Movshon and colleagues constructed a stimulus that can logically be seen as either a single, moving plaid, or as two sine gratings sliding over each other. They discovered that some MT neurons were capable of ﬁnding the overall plaid direction, which requires integrating information from the individual gratings. They called these ‘pattern cells’ (Movshon et al. 1985). From those studies, we cannot tell how the integration is done, only that it is done. But recently Pack and Born created stimuli that appear to be moving in the wrong direction if one simply takes their vector average. Responding to these stimuli, MT neurons computed the correct direction, or at least came close to it, which indicates one of the three nonlinear computations mentioned above. Remarkably, this semi-exact solution required some 140 msec to compute, and in the meantime, the neurons generated a vector average result. Thus, MT neurons compute a fast, approximate solution followed by a slower, more accurate solution.
Any operation by MT that combines multiple inputs risks crossing object boundaries. Since it is generally useless to know the ‘overall’ direction of independent objects, it is critical that MT conﬁne its integrative operations to a particular, coherently moving object. Several lines of evidence suggest that MT neurons constrain their integration in this way. First, MT neurons have antagonistic regions surrounding their (classical) receptive ﬁelds that tend to suppress responsiveness when stimuli are uniform in their direction, speed, and/or disparity (depth) (Allman et al. 1985, Bradley and Andersen 1998). That is, neurons tend to be more active when their receptive ﬁelds detect discontinuities, and thus probable object boundaries. Second, the mutual cancellation of preferred-and non-preferred direction signals in MT (suggesting that they are being integrated) decreases or disappears when the movements occur at diﬀerent depths (Bradley et al. 1995). This makes sense in that cues from diﬀerent depths are probably from diﬀerent objects. Finally, the ability of MT neurons to extract coherent motion signal from noise is facilitated by color cues that separate the noise from the genuine signal (Croner and Albright 1999).
6. Higher Motion Processing
One of the more useful quantities one can compute from visual motion is depth, or relative distance from the observer. This is called kinetic depth, or structurefrom-motion. Overall, it is based on lawful relationships between retinal motion and 3D image structure, presumably discovered by the brain sometime during its evolution. These relationships, for now, are understood to be of three basic types, though their neural mechanisms may not be distinct. In one type, the presence of diﬀerent directions is suﬃcient to evoke the perception of a depth slice between them, particularly if the signals are spatially overlapped (like screen doors sliding over each other). This eﬀect probably occurs in MT, possibly through competitive circuitry between neurons tuned for diﬀerent directions (Bradley et al. 1998). The depth-slice eﬀect is logical when one considers that if two objects move through the same part of a 2D image, one is probably in front of the other; otherwise they would collide.

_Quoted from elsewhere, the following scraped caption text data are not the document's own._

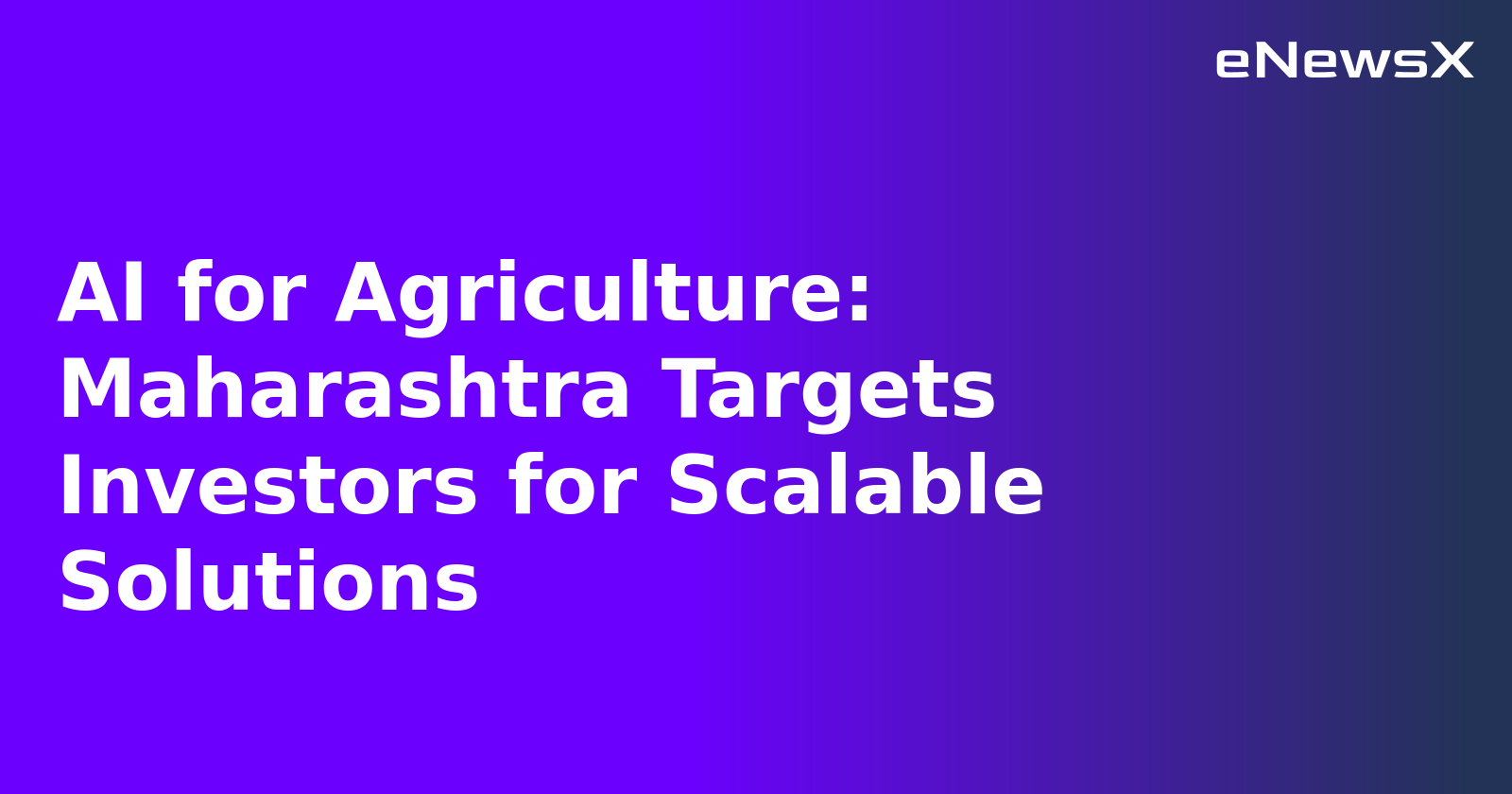 AI for Agriculture: Maharashtra Targets Investors for Scalable Solutions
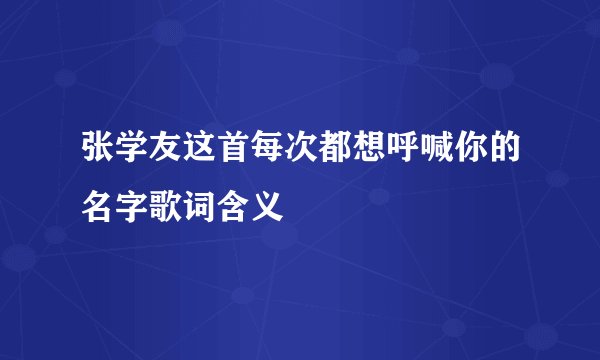 张学友这首每次都想呼喊你的名字歌词含义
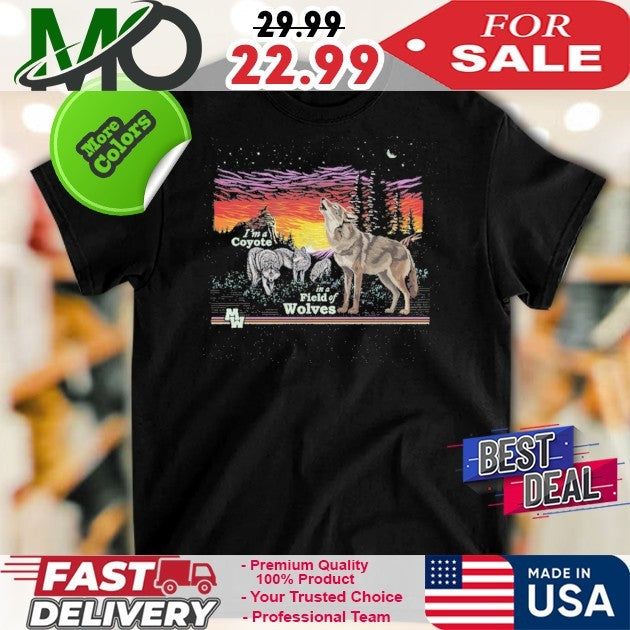 I’m A Coyote In A Field of Wolves Shirt
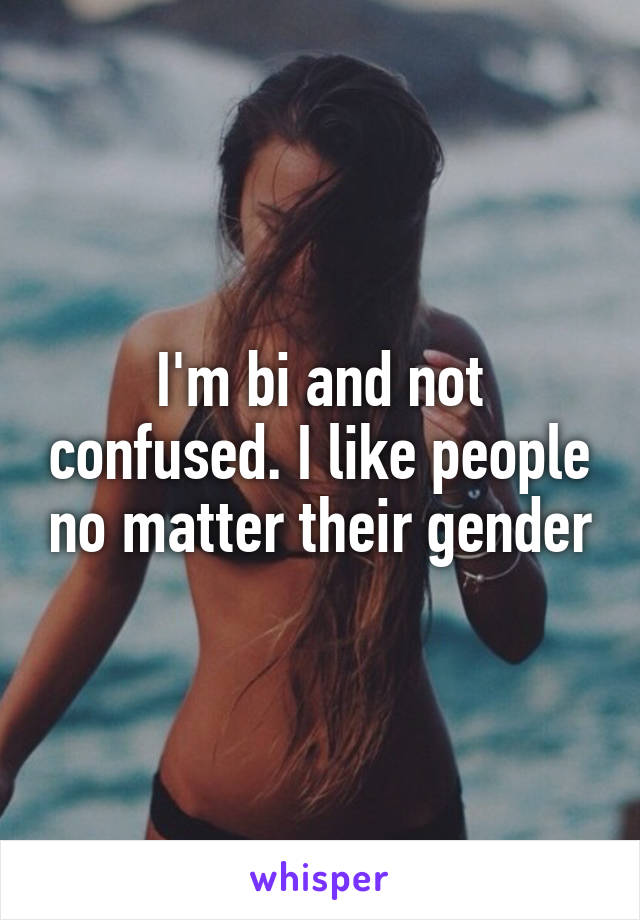 I'm bi and not confused. I like people no matter their gender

Another form of kinetic depth involves large speed gradients. Looking out the window of a moving car, for example, invokes a strong sense of near and far, and this is largely due to the speed diﬀerence between the immediate foreground, which rushes by, and the distant background, which appears to move slowly. Orban and colleagues found MT neurons that respond selectively to this type of stimulus (Xiao et al. 1997). Interestingly, the neurons speciﬁcally sense the speed gradient that spans their receptive ﬁeld center and surround, an important result because it is among the most sophisticated functions yet found for a surround. Finally, localized speed gradients give a sense of curvature; this fact is exploited in CAD programs that rotate an object on the screen to give a better sense of its 3D structure (Wallach and O’Connell 1953). It is not known where these localized speed gradients are computed.

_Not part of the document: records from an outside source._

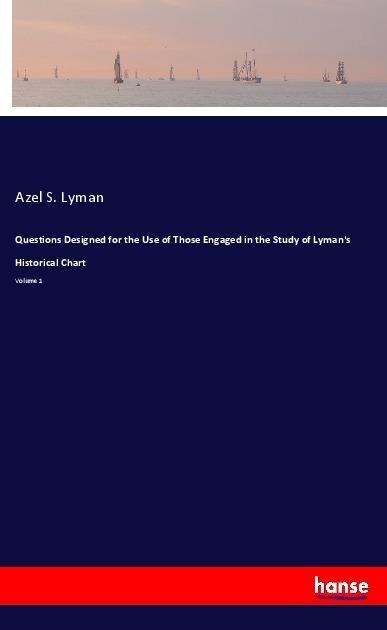 Questions Designed for the Use of Those Engaged in the Study of Lymans Historical Chart: Volume 1
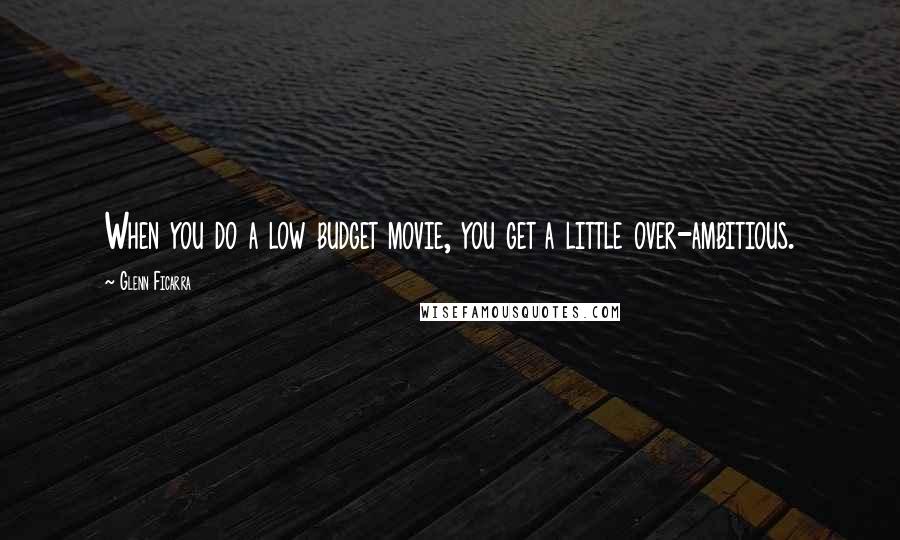 Glenn Ficarra Quotes: When you do a low budget movie, you get a little over-ambitious.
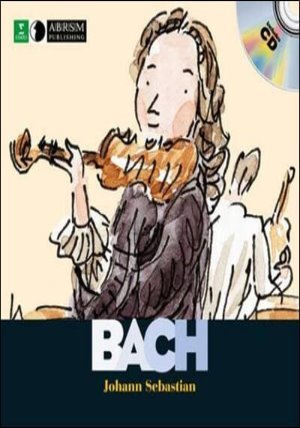 첫발견 뮤직 요한 제바스티안 바흐 Johann Sebastian Bach (Book &amp; CD)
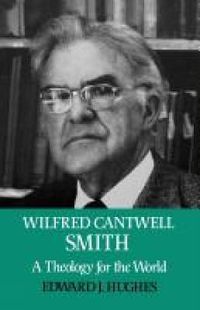 Cover image for Wilfred Cantwell Smith: A Theology for the World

Another remarkable output of the visual motion system is the direction of self-motion, or heading. Gibson realized that when an observer moves through the environment, the retinal image expands, and the focus (origin) of this expansion corresponds to the direction of heading (1950). His suggestion that humans sense heading in this way was not initially accepted, however, because of the problem that when the eyes move—as in tracking any object not on the motion path—the expansion focus shifts in the direction of eye movement, and thus no longer corresponds to the heading. But Warren, Banks, and their colleagues later showed that subjects do in fact rely on the expansion focus to know their direction of heading, even during eye movements. Remarkably, they use an internal signal linked to the eye movement to approximate where the focus would have been without the eye movement, thus recovering the heading.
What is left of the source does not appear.